*Dataset records*.
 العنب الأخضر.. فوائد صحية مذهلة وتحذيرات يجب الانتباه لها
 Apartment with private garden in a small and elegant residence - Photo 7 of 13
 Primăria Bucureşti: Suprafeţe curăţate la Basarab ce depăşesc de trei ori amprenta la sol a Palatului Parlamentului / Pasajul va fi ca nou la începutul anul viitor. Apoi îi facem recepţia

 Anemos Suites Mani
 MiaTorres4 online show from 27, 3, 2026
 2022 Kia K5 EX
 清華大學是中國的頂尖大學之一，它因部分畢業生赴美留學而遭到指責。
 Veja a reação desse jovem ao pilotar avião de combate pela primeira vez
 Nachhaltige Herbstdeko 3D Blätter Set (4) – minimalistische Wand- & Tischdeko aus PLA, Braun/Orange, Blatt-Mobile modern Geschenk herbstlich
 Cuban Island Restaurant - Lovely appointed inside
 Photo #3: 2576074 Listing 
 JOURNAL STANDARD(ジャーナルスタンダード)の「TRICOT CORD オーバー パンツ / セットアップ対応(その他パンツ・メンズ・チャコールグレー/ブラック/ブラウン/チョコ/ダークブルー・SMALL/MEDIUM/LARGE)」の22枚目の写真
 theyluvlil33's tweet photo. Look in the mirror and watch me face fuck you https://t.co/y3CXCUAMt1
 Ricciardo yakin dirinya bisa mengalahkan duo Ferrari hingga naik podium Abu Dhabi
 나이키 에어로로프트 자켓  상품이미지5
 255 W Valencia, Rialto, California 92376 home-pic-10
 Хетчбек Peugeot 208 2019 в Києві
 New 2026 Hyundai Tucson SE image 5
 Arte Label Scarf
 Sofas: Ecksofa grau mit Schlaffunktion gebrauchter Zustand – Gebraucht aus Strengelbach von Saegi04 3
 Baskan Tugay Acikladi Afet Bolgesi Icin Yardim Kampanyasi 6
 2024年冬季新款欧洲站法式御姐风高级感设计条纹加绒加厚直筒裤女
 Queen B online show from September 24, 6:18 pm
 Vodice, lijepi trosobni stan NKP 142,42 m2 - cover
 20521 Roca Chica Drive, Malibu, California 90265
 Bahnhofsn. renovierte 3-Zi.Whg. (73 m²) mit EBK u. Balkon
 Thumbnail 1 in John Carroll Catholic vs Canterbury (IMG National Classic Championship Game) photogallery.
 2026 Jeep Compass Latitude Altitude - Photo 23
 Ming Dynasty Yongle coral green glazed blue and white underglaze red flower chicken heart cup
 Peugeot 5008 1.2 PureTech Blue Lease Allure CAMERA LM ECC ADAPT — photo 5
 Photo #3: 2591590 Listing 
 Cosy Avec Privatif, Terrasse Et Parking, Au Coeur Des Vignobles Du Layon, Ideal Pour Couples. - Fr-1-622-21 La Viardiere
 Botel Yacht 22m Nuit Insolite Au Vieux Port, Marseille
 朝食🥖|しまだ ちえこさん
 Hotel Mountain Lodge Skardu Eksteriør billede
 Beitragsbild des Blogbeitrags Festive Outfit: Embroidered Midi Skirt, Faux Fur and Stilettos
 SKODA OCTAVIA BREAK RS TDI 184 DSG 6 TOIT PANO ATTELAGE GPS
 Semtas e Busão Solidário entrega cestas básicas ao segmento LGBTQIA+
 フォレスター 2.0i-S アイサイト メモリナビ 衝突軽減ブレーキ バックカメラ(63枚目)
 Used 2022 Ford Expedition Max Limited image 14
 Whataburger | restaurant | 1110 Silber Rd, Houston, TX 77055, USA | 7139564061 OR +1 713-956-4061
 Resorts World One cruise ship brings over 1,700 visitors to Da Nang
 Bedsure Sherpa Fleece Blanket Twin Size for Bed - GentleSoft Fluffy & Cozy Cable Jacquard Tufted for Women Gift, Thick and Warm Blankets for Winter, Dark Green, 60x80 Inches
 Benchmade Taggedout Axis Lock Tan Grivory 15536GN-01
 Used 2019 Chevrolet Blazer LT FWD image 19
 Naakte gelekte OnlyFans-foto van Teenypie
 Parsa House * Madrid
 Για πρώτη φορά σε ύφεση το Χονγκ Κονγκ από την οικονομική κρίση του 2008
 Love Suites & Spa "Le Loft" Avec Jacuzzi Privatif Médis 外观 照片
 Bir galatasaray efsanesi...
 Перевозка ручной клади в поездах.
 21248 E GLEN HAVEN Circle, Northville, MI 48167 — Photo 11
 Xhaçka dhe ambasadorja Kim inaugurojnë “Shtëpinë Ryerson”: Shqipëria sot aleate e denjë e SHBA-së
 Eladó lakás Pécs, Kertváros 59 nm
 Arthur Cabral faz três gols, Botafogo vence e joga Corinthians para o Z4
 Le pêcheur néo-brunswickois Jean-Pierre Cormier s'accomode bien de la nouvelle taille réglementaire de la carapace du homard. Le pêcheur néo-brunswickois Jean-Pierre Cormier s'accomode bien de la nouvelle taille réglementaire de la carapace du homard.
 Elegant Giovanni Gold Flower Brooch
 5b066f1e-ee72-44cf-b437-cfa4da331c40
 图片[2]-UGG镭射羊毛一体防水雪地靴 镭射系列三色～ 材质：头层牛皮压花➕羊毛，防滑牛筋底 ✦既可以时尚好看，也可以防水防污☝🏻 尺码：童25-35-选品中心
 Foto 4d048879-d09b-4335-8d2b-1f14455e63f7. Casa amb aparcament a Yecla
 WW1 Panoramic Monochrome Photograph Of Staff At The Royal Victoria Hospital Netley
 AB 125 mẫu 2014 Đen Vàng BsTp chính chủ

*Problem to solve*.
Working from the material above, restate word for word the lines between the line with "フォレスター 2.0i-S アイサイト" and the line with "Перевозка ручной клади в поездах.", both included, and only those.

*Answer to this exercise*.
 フォレスター 2.0i-S アイサイト メモリナビ 衝突軽減ブレーキ バックカメラ(63枚目)
 Used 2022 Ford Expedition Max Limited image 14
 Whataburger | restaurant | 1110 Silber Rd, Houston, TX 77055, USA | 7139564061 OR +1 713-956-4061
 Resorts World One cruise ship brings over 1,700 visitors to Da Nang
 Bedsure Sherpa Fleece Blanket Twin Size for Bed - GentleSoft Fluffy & Cozy Cable Jacquard Tufted for Women Gift, Thick and Warm Blankets for Winter, Dark Green, 60x80 Inches
 Benchmade Taggedout Axis Lock Tan Grivory 15536GN-01
 Used 2019 Chevrolet Blazer LT FWD image 19
 Naakte gelekte OnlyFans-foto van Teenypie
 Parsa House * Madrid
 Για πρώτη φορά σε ύφεση το Χονγκ Κονγκ από την οικονομική κρίση του 2008
 Love Suites & Spa "Le Loft" Avec Jacuzzi Privatif Médis 外观 照片
 Bir galatasaray efsanesi...
 Перевозка ручной клади в поездах.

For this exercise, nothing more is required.